In other words, a lot has happened. But for rapper Gift of Gab (a.k.a. Tim Parker) and DJ/producer Chief Xcel (Xavier Mosley) inspiration for their pioneering brand of conscious hip hop has remained the same.
"Our music has always been honest," Gab says over the phone days before heading to B.C. for a small string of concerts. "We've always talked about where we're at in life and how we see the world and how we would like to see the world. Just observation. People, places and things." He also reveals that at last the pair is heading into the studio to work on a new record, tentatively slated for a summer release. They've finished 20 songs, plan to work on another 20 then narrow it down to a 16-song tracklist. There are a few working titles, but Gab is remaining tight-lipped.
"We've still been working, just spreading out doing other things," he says, referring to his solo projects and Xcel's work as a producer. "We've always been Blackalicious. It's just taken (time) to come back to the foundation."

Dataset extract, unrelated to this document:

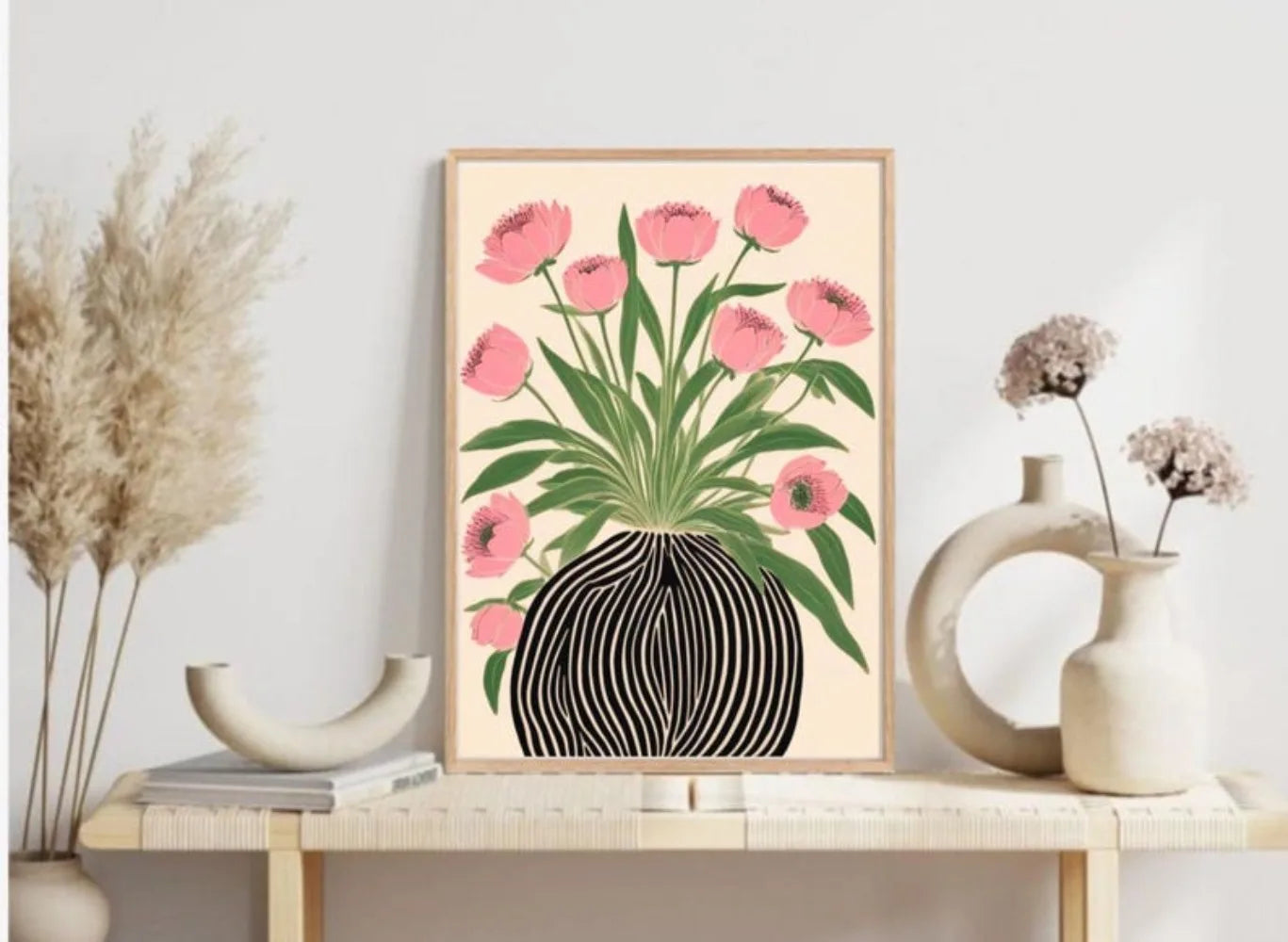 Affiche florale moderne représentant un vase noir graphique avec des fleurs roses élégantes, style décoratif contemporain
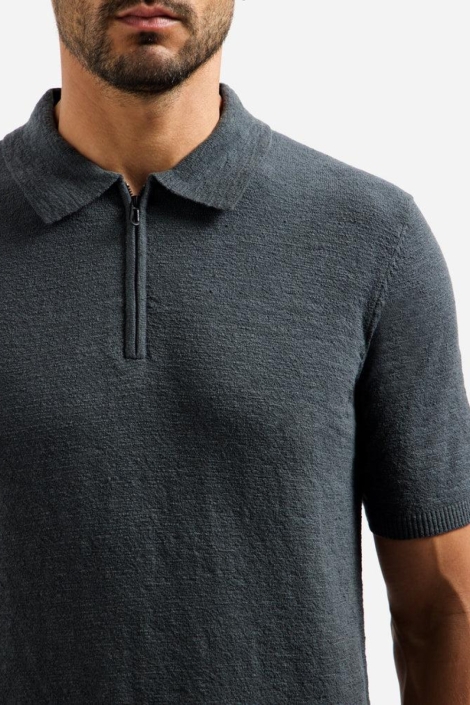 NO-EXCESS grijze heren polo | Close up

That foundation dates back to the late 80s when the pair first met in high school. Reuniting years later around 1992 in Davis, California, where Xcel was a student at the University of California they began to work on music. In 1994, they released their debut EP Melodica, which they re-released last summer — and made available digitally for the first time — to celebrate 20 years making music together.
"We just wanted to re-introduce some new fans to what we did 20 years ago," Gab says. "That was the beginning of the movement, so to speak... It's a blessing that we can still tour and put music out and people still come to our shows and we still have a strong fanbase and we're still passionate about it."
They've also continued to notice new, young faces in the crowds at shows throughout the years. "People come up to us and say, 'My big brother got me into you when I was eight," Gab says.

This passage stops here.